Of the lines below, report only those that contain "ภายนอก".

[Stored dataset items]
:::
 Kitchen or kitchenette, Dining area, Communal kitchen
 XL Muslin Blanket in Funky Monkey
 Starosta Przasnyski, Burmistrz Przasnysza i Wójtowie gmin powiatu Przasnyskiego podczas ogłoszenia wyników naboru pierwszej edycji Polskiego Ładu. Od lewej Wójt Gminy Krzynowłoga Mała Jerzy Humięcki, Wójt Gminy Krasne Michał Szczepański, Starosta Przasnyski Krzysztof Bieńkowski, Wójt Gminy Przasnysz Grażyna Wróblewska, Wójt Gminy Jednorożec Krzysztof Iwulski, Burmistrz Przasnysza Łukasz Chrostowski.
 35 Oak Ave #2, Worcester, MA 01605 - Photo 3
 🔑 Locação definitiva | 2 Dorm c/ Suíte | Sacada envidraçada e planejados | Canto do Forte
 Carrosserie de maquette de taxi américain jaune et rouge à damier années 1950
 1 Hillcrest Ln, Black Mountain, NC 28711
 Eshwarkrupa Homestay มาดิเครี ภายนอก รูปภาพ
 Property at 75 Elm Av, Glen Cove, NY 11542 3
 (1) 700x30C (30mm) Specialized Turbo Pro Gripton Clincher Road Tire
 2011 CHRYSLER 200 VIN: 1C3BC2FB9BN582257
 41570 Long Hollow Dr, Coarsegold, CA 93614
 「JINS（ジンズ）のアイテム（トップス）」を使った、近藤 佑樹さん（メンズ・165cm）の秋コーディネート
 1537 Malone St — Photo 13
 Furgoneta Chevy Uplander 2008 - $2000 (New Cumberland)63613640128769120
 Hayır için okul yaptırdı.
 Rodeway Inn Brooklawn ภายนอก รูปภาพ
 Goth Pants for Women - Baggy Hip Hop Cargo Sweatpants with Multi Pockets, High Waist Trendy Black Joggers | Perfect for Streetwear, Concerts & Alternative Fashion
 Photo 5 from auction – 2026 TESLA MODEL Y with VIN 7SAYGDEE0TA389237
:::
- **Answer box**:
 Eshwarkrupa Homestay มาดิเครี ภายนอก รูปภาพ
 Rodeway Inn Brooklawn ภายนอก รูปภาพ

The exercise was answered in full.